Before I comment on the results, I want to stress—because I think this is the first feedback I am going to get—that it’s super hard to compare apples to bananas. I know that. However, the results being this close makes me think that the benchmark is probably reasonably fair. I am not looking at the generated assembly because I am not good enough to read assembly code, but doing so might provide some interesting insights.

Summary and Questions

While the results for both implementations are very close, the C++ code took significantly longer to compile and produced larger executables (as expected). This makes me wonder if the runtime comparison is fair, as compiler optimizations and generated assembly might differ.

I would love feedback on:

Potential improvements to the C implementations? Is there an alternative to the use of macros here, beside code duplication, alternative to the 2 suggested approaches, etc.
Whether the approach to benchmarking seems reasonable.

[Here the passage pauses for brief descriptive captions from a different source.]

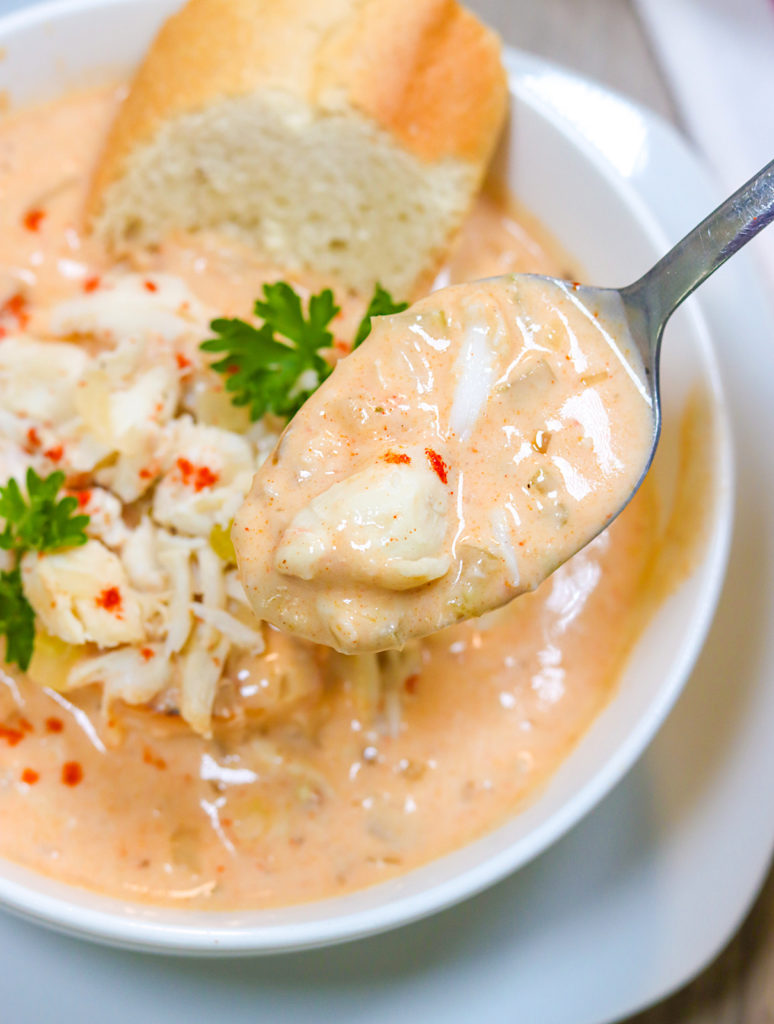 Eyeing a spoon loaded with thick and creamy she crab soup 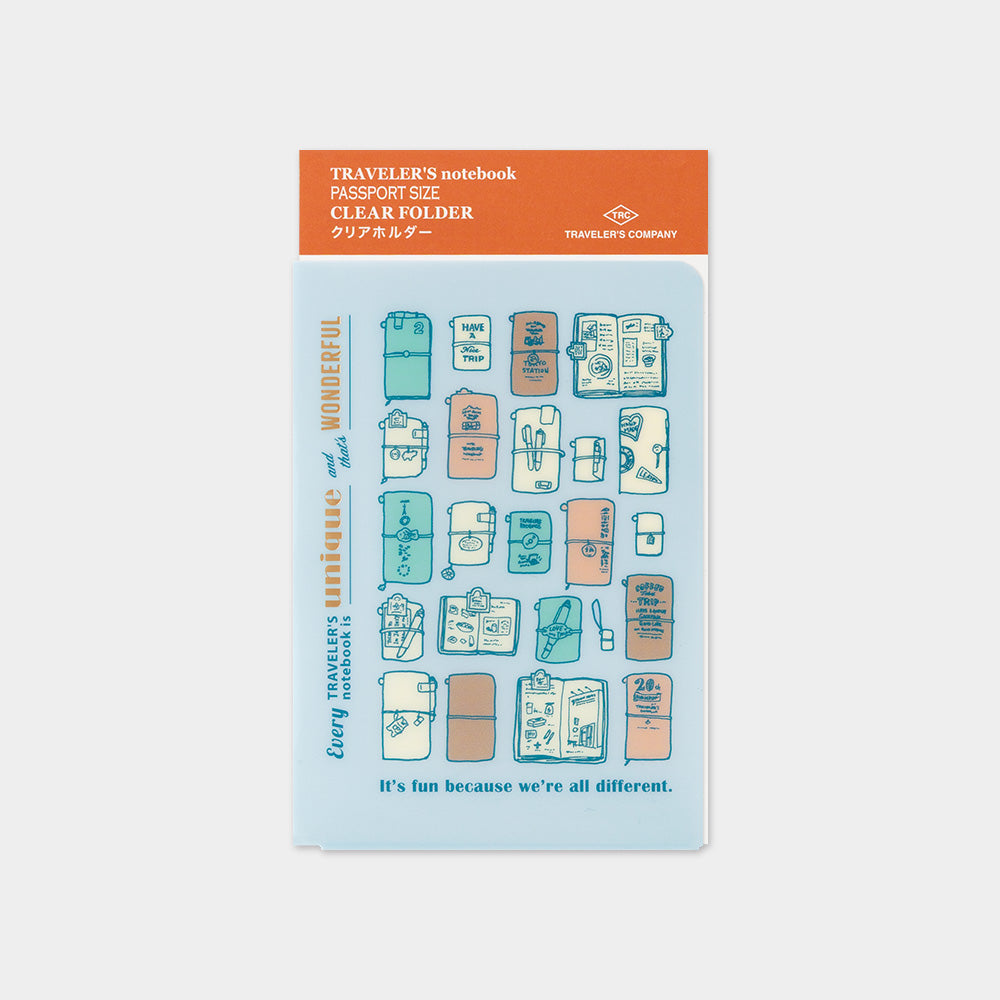 Traveler's notebook clear folder sticker pack by Traveler's Company, featuring a light blue sheet with illustrated travel items and an orange header card, shown on a light gray background.
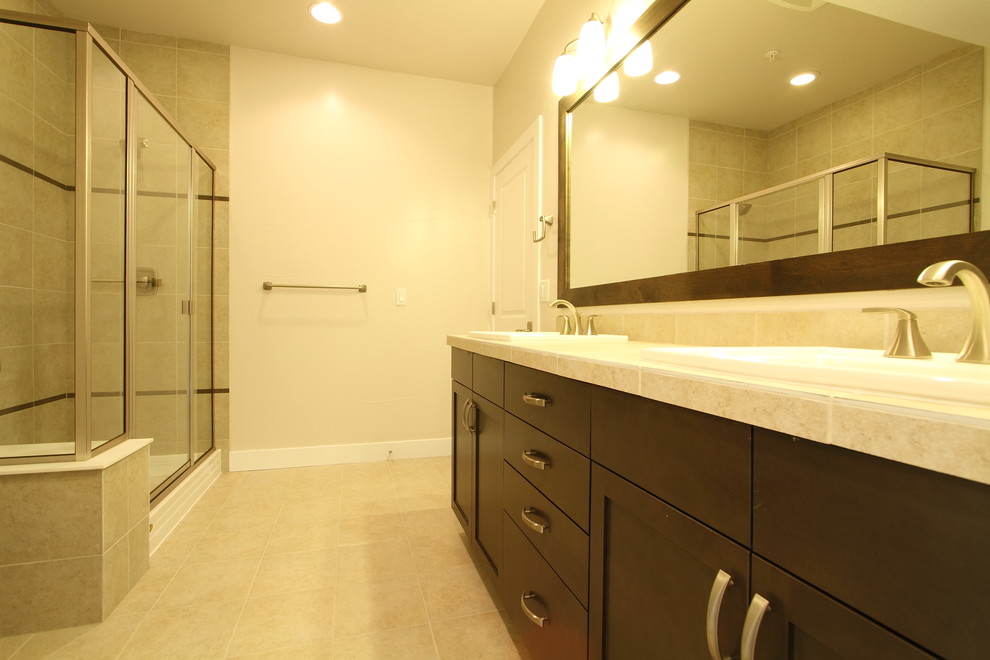 This is an example of a large transitional master bathroom in Denver with a drop-in tub, a corner shower, beige tile, porcelain tile, beige walls, flat-panel cabinets, dark wood cabinets, a drop-in sink, tile benchtops, travertine floors and beige floor.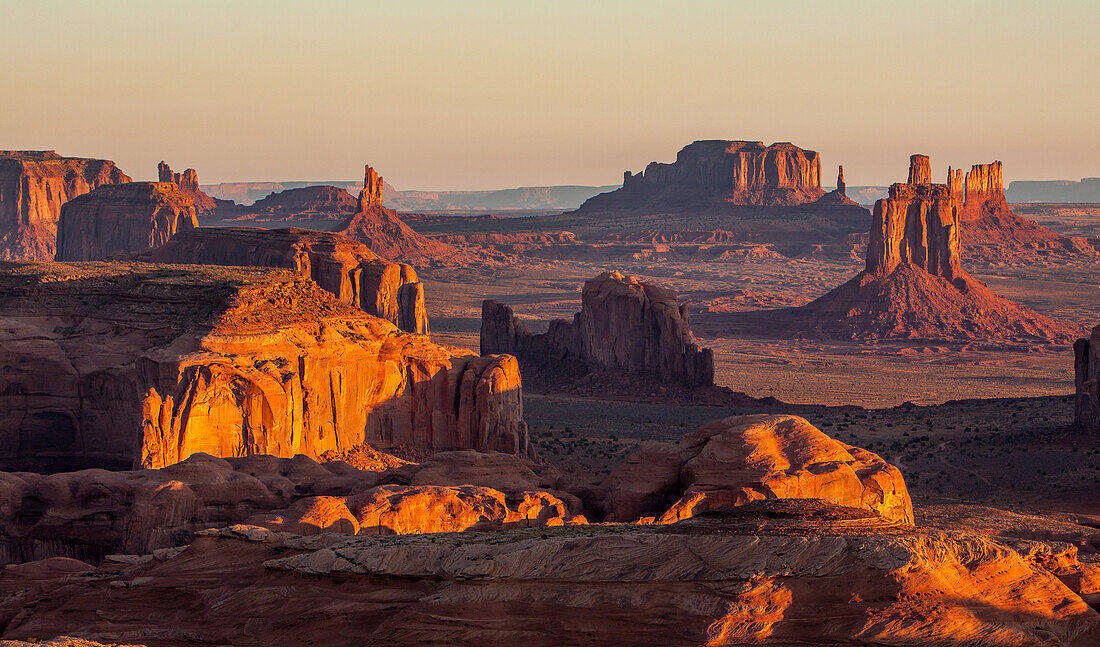 Sonnenaufgang im Monument Valley Navajo Tribal Park in Arizona. Blick von Hunt's Mesa. Rain God Mesa ist links. Rechts ist der East Mitten mit den Monumenten von Utah im Hintergrund zu sehen.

Please provide a scenario in which every "file format driver" will be invoked (perhaps sequentially), and the time to select each one is significant (compared to the driver 'running'). Please explain how "a strict requirement" can be made flexible and time funded to pursue alternative strategies... What are the flexibilities offered by a "switch" that are not available when using a function pointer solution? — user272752
– user272752, Commented Jan 4 at 22:56
"Please explain how "a strict requirement" can be made flexible and time funded to pursue alternative strategies... ". I guess people I work with are open-minded). I understand the example is very limited but having a real example in which the types would be read from the file and passed to the function filtering them, wouldn't make much of a difference with just generating them on the fly like I do in the example? Or would it? — M. Saintourens
– M. Saintourens, Commented Jan 5 at 11:20
I can only guess. What I see here is versions of a "dispatcher" that sequentially runs a collection of "time wasting" functions that are all the same. The dispatcher is likely 0.0001% of the measured execution time, proving nothing about switch() vs function pointer... Since this is not "real code", there's very little that should/could be said about it. The question of 'C' vs 'C++' should be answered by which has the greater pool of expertise in the group. Can the junior programmer deal conceptually with templates? "Strict requirements" are not 'flexible' in my experience... — user272752
– user272752, Commented Jan 5 at 11:38
@Fe2O3 yes I see your point. From my experience of that project, the devs have walked away from C++ after years of using due to what has become its current "complexity" making it harder for people to read the code. I am just vaguely quoting what I have understood of my interactions with them. I get your point about the code being too simple to show value, but one has to start somewhere and while I understand the topic C vs C++ is otherwise subjective, I am still hoping to get constructive feedback here about the problem. Notably how to handle this in C efficiently if possible at all. — M. Saintourens
– M. Saintourens, Commented Jan 5 at 12:03
@Fe2O3 ""Strict requirements" are not 'flexible' in my experience... ". Well is that why we have mutable in C++). Is it a way of saying you can't be changed but you can still be changed if I decide to. Example of strict requirement that's somehow flexible). — M. Saintourens
– M. Saintourens, Commented Jan 5 at 12:06

G. Sliepen · Accepted Answer · 2025-01-05 16:15:28Z

About C vs. C++

When I asked, "Why C?", the answer I received was that it compiles faster

A big slowdown for C++ is often when lots of templates are used, as the compiler than has to instantiate and compile the generated instantiations.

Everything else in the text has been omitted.